首先,历史层面,众所周知,传统的史实记载一般是通过文字进行表述。从视觉感受来说,图像比文字更具直观性。虽说在绘画作品中会不可避免的融入少许画家的主观思想,但整体事件并非空穴来风,一定是基于当世者现实生活基础上进行描绘的。因此,周文矩对于南唐中主李璟日常生活的表现具有一定的史实记录价值。其次,《重屏会棋图》作为唐宋衔接时期的人物题材绘画,不仅对唐朝丰润雍容的人物形象进行了细化改进,同时在整体意境的营造上还加入了大量的诗意元素。使得整体画面逐步走向典雅俊逸的清丽画风,开启了宋代人物画发展的新格局,在中国传统人物绘画发展史中具有里程碑式意义。
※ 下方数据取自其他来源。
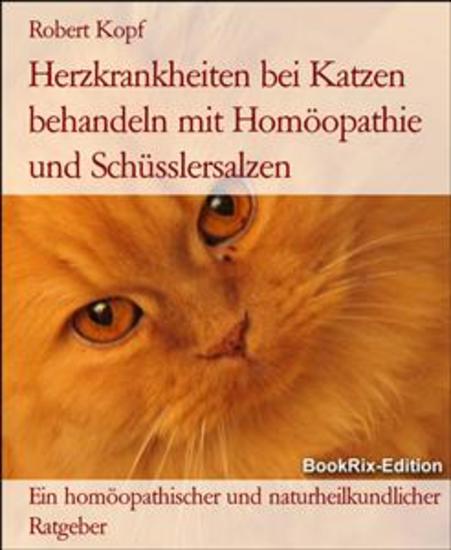 Herzkrankheiten bei Katzen behandeln mit Homöopathie und Schüsslersalzen - Ein homöopathischer und naturheilkundlicher Ratgeber - cover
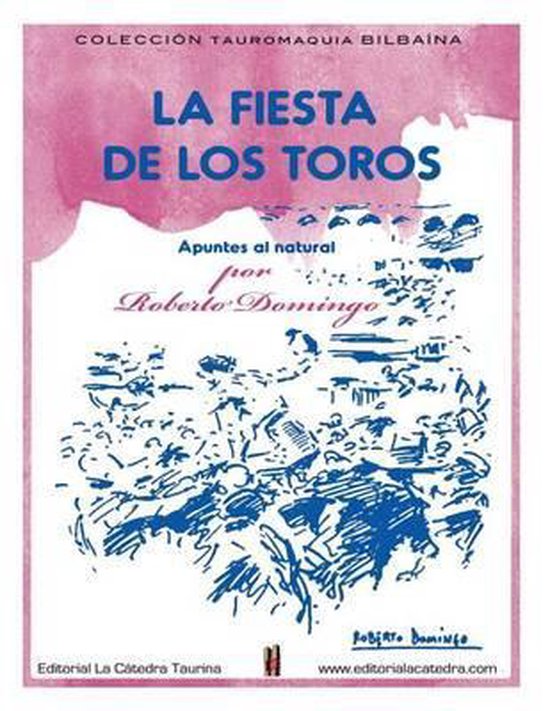 La Fiesta de Los Toros. Apuntes del Natural. | 9781530312368 | Roberto ...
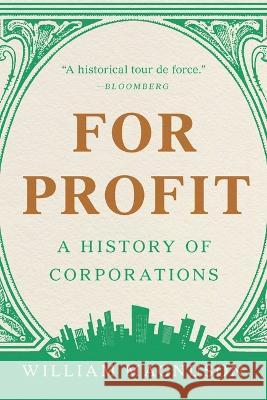 For Profit: A History of Corporations William Magnuson 9781541601574 Basic Books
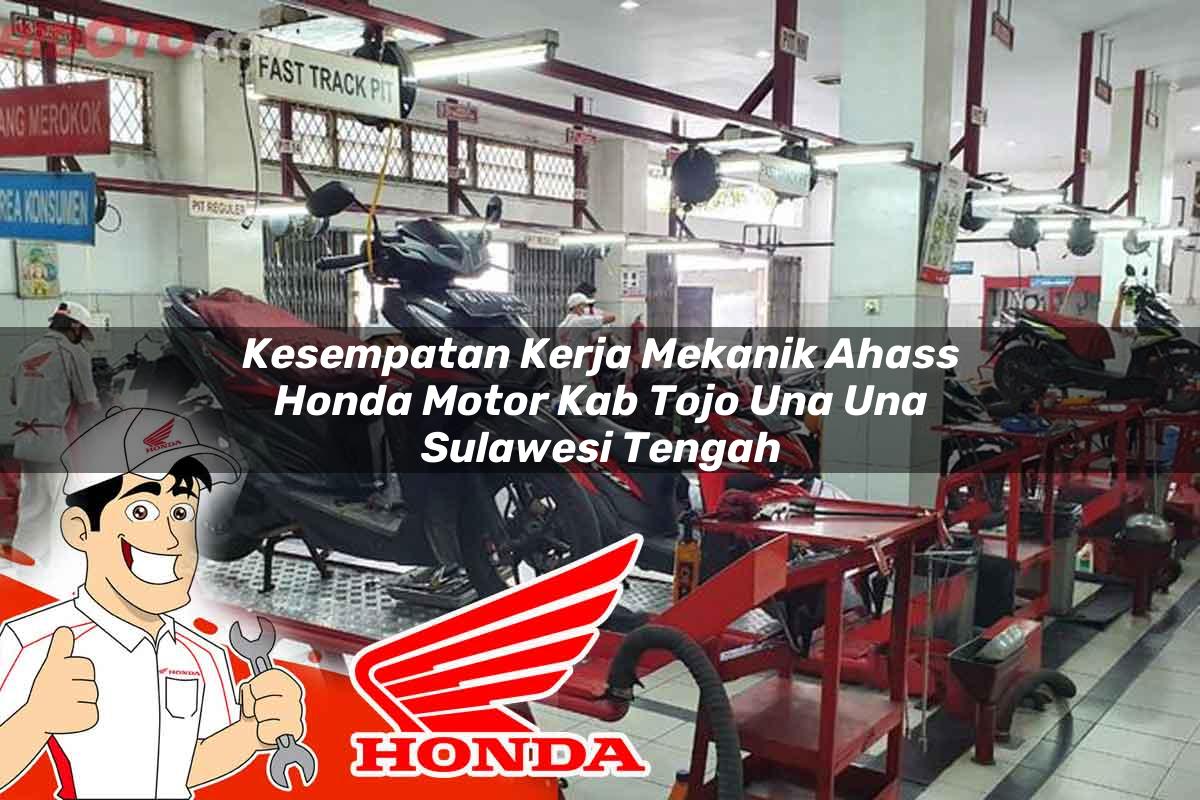 Kesempatan Kerja Mekanik Ahass Honda Motor Kab. Tojo Una Una, Sulawesi Tengah Tahun 2025 Kesempatan Kerja Mekanik Ahass Honda Motor Kab. Tojo Una Una, Sulawesi Tengah Tahun 2025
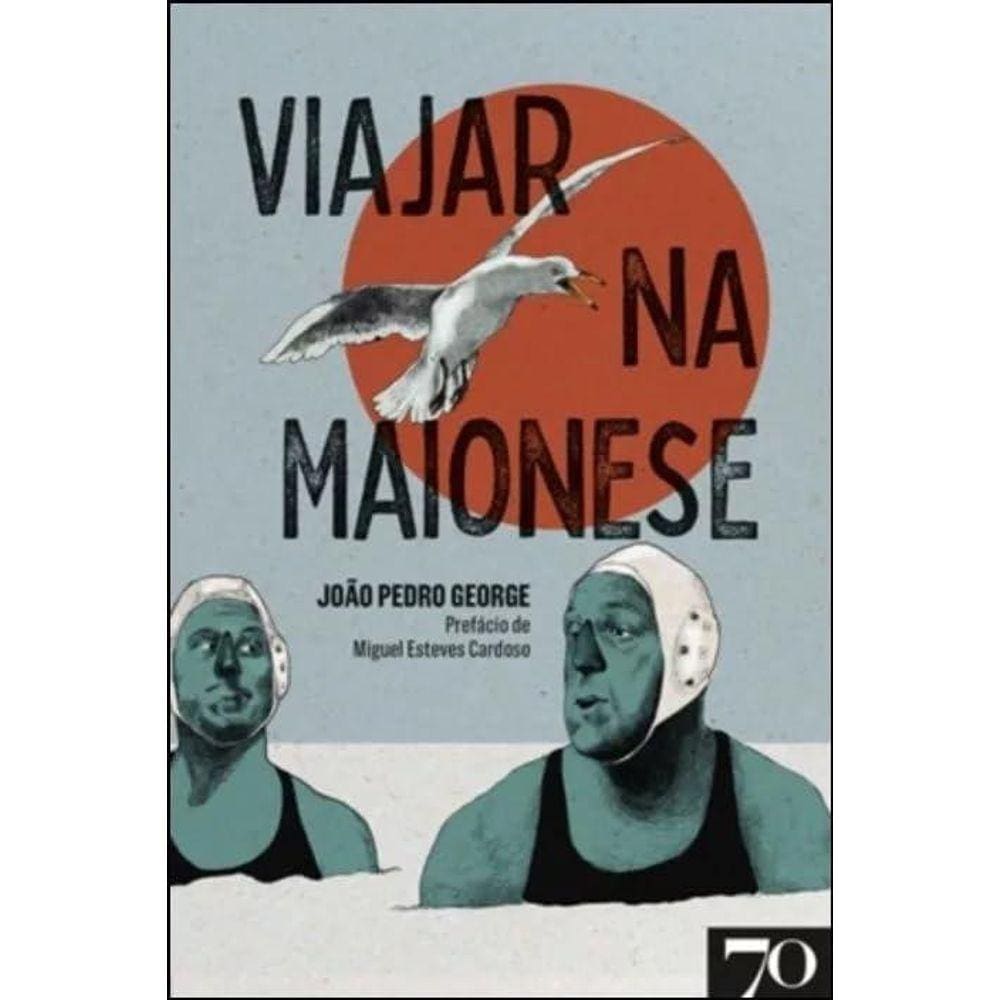 Viajar Na Maionese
其次是当代层面,当代中国画在西方艺术理论与观念的影响下逐步呈现出了多元化的发展趋势,《重屏会棋图》的再研究不但可以保留中国绘画艺术中的传统文化要素,同时还可以对古人审美趣味进行更为深入的解读,以此达到汲取创作灵感的作用。

最后,如今人们接触了过多的外来文化,对中国传统元素的追捧反而成为一种全新的流行趋势。大众开始热衷于追求古典韵味,小到汉服装扮,大到古画真人还原。一切都是立足于传统文化之上进行的二次商业开发。《重屏会棋图》作为与《韩熙载夜宴图》 《捣练图》等齐名的人物绘画,在当代经济发展中也起到了一定助力作用,具有较高的商业使用价值。

五、结语

纵观整个中国画发展的历史脉络,南唐画家周文矩的《重屏会棋图》在人物画中占据了举足轻重的主体地位。不论是在史实纪要方面还是艺术语言方面都存在极为重要的研究价值。诗意盎然的画境营造与那个战火纷飞的动乱年代形成了鲜明的情感对比。当我们站在安泰繁荣的当下再观此画时,内心恍惚间多了些对当世者的怜悯与嗟叹。对于《重屏会棋图》的再赏析,不但能为当代中国画创作提供全新的灵感源泉。同时也激励着我们,作为文化与观念的传播者,饱含情感的个人语言是艺术表现的核心所在。